=== Begin Enclosure ===

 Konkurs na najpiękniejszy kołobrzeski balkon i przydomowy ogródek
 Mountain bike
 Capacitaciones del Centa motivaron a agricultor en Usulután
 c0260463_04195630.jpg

=== End Enclosure ===
=== Begin Enclosure ===

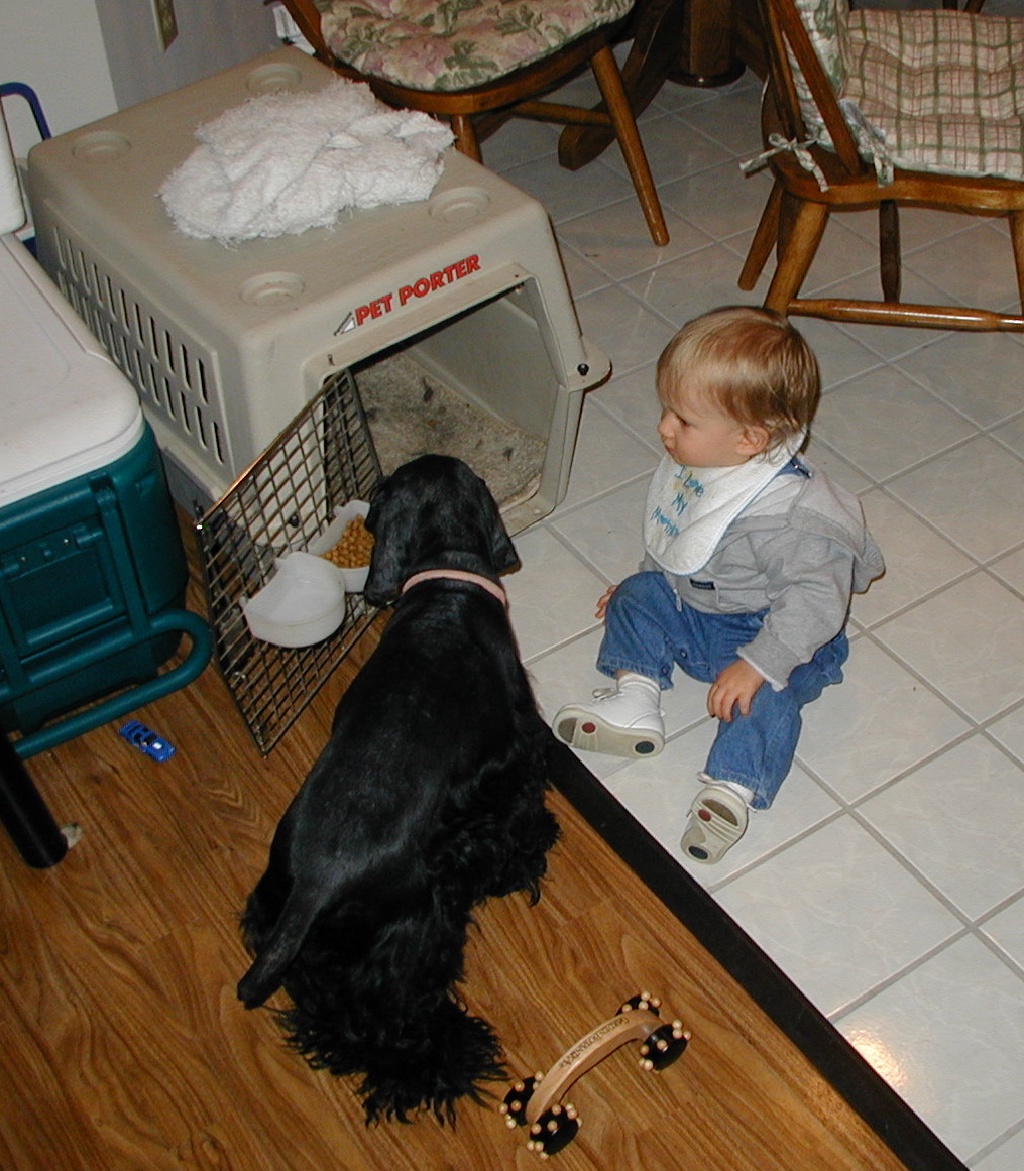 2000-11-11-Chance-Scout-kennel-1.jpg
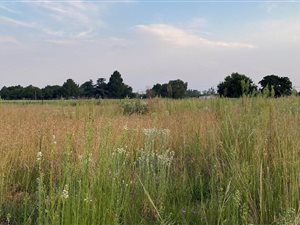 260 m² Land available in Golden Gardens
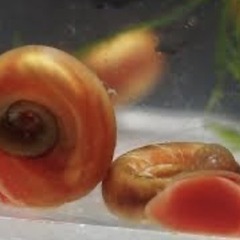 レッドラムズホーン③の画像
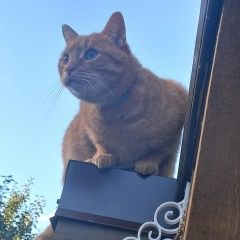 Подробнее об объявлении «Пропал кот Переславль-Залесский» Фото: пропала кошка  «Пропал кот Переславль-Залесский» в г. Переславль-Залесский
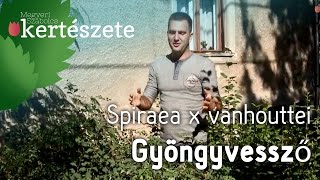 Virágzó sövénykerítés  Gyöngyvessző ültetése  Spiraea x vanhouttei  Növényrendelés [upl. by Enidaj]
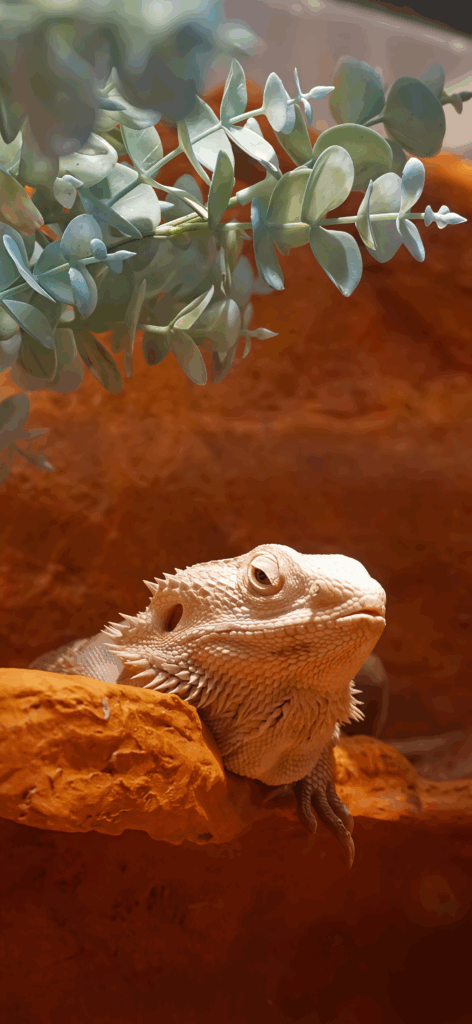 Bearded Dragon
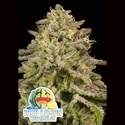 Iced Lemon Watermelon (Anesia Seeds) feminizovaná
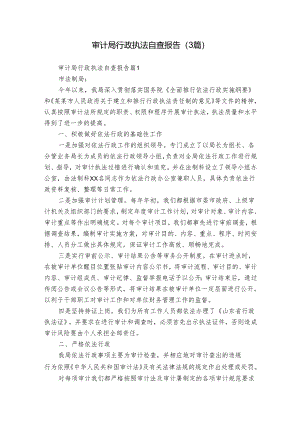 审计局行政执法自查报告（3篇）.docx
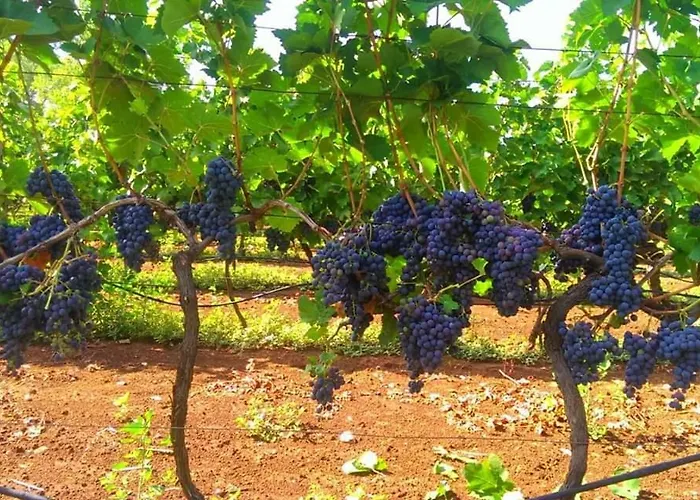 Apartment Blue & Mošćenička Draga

=== End Enclosure ===
=== Begin Enclosure ===

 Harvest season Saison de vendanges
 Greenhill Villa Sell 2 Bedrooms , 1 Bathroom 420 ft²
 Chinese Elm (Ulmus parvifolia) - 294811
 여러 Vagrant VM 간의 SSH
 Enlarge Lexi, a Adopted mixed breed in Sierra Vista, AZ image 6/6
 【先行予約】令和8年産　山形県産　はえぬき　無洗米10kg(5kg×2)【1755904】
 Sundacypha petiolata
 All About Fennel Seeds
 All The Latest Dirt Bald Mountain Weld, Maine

=== End Enclosure ===

Using the records above, print exactly the run of lines that starts with the line with "Iced Lemon Watermelon" and goes on through the line with "Apartment Blue & Mošćenička Draga", pictures excluded.

 Iced Lemon Watermelon (Anesia Seeds) feminizovaná
 审计局行政执法自查报告（3篇）.docx
 Apartment Blue & Mošćenička Draga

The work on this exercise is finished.